Chapter IX

Summary

Nick says the newspapers covered Gatsby's death with a tendency towards sensationalism, that Mrs. Wilson's sister Catherine testified at the inquest that her sister had never been unfaithful, and that Tom and Daisy disappeared. Gatsby's father (Mr. Henry Gatz) arrives, having read of his son's death in the paper. It seems to Nick that Mr. Gatz's pride in his son's success and achievements is greater than his grief.
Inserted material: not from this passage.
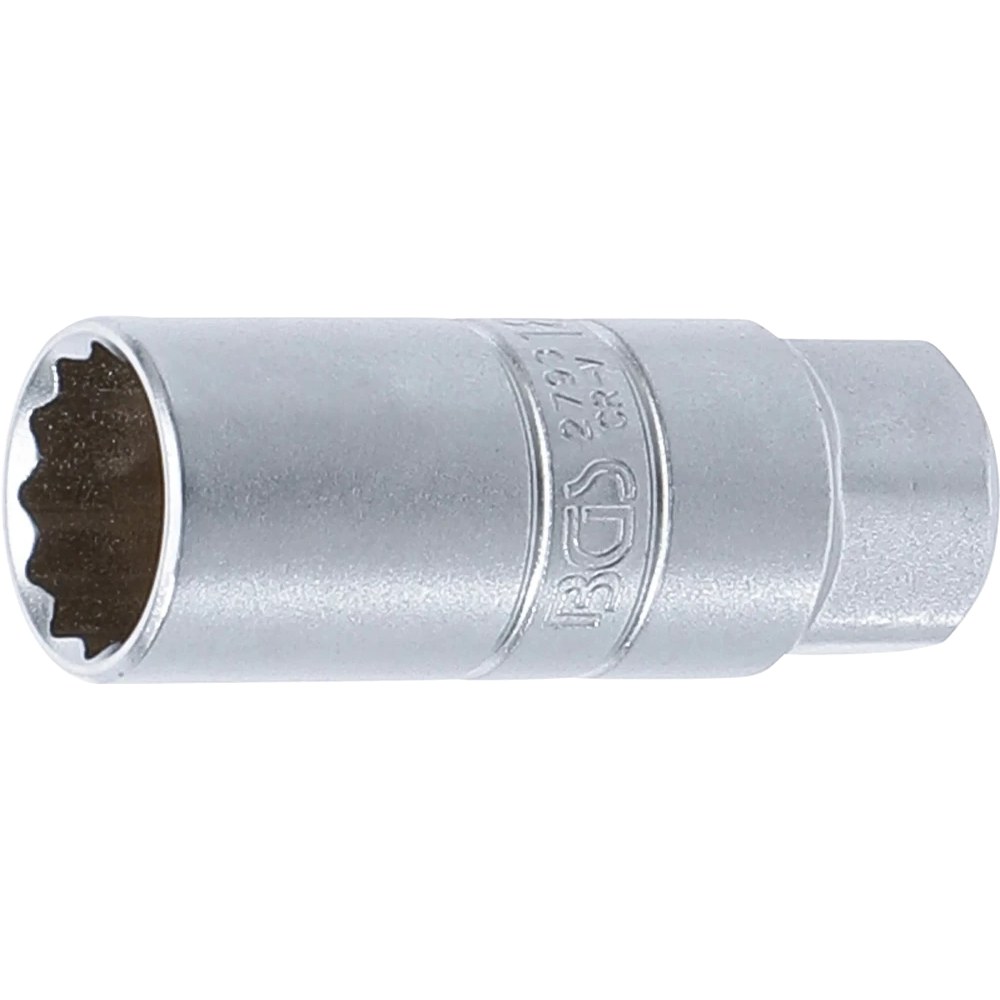Zündkerzen-Einsatz Zwölfkant, Antrieb Innenvierkant 10 mm (3/8"), SW 18 mm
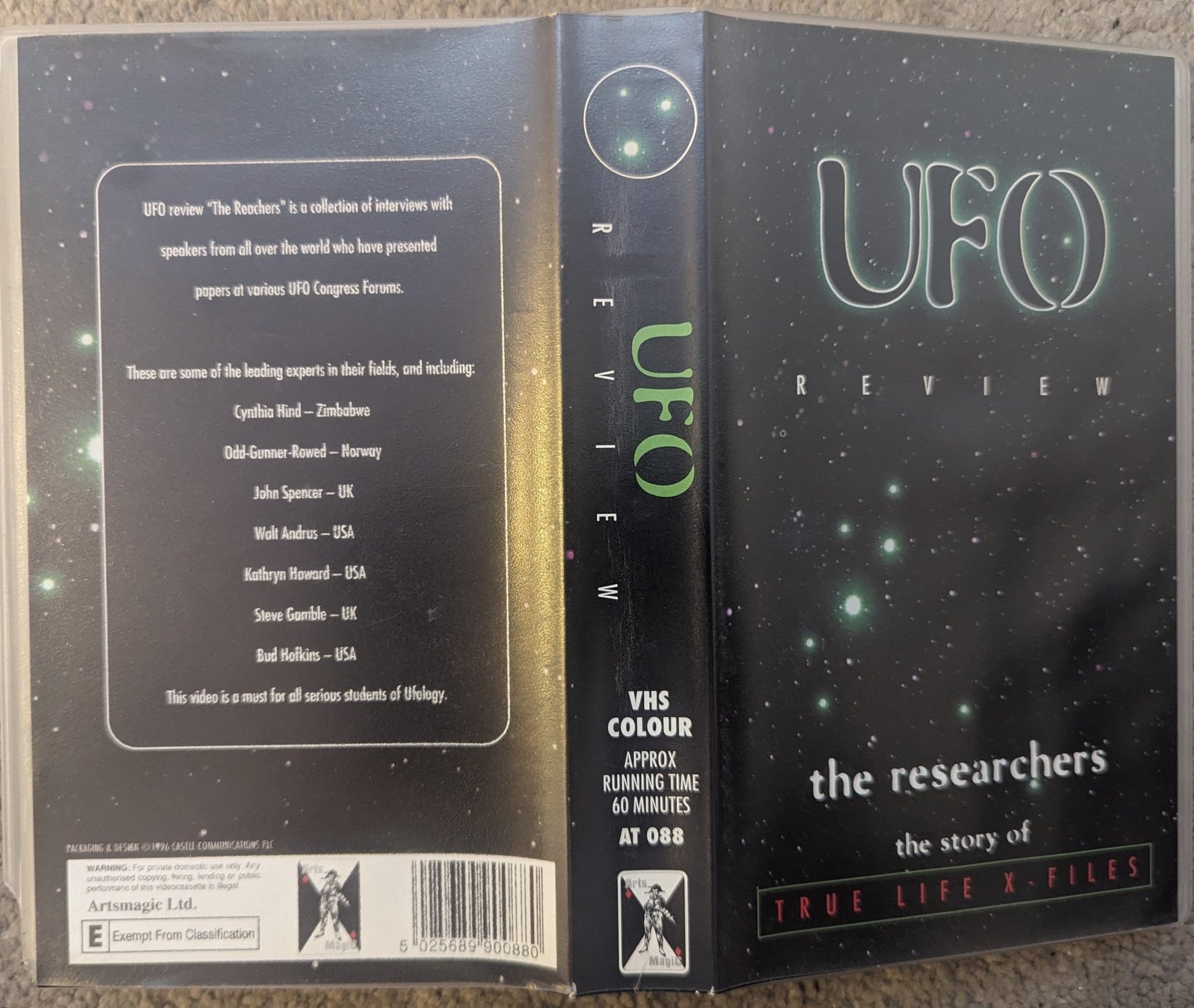 U.F.O The Researchers VHS Video - Flippin Retro Video Shop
As Mr. Gatz and Nick are making funeral arrangements, Nick makes a few selective phone calls to people who he thinks might attend the funeral. It rains on the day of the funeral, which is attended only by Nick, Gatz, the funeral director, some of Gatsby's servants, and the drunk man from the library, who marvels at how few people are there when there used to be hundreds at the house.

Nick recalls the pleasures of returning home to the Midwest on his Christmas breaks from school, suggesting that even while he knew the East was superior in so many ways, he felt its truths were distorted. Ultimately, he says, he decided to go home. As he is tying up loose ends, he has a conversation with Jordan, who listens to his explanations of why he doesn't want to see her with no reaction, except of saying she is engaged.

Finally, he also has an encounter with Tom Buchanan, demanding to know what happened in the hours after Gatsby's death - specifically, when Wilson came to the house looking for the yellow car. Tom insists that Wilson was crazy with grief and that he had his revolver in his hand, and that even if Tom did say who owned the yellow car, Gatsby got what he deserved. 'He threw dust into your eyes just like he did in Daisy's, but ... he ran over Myrtle like you'd run over a dog and never even stopped his car.' Nick comments that there is nothing he could say, 'except the one unutterable fact that it wasn't true'. He then writes in narration of seeing clearly that Tom believed everything he did was justified, but also the truth of who he and Daisy really were.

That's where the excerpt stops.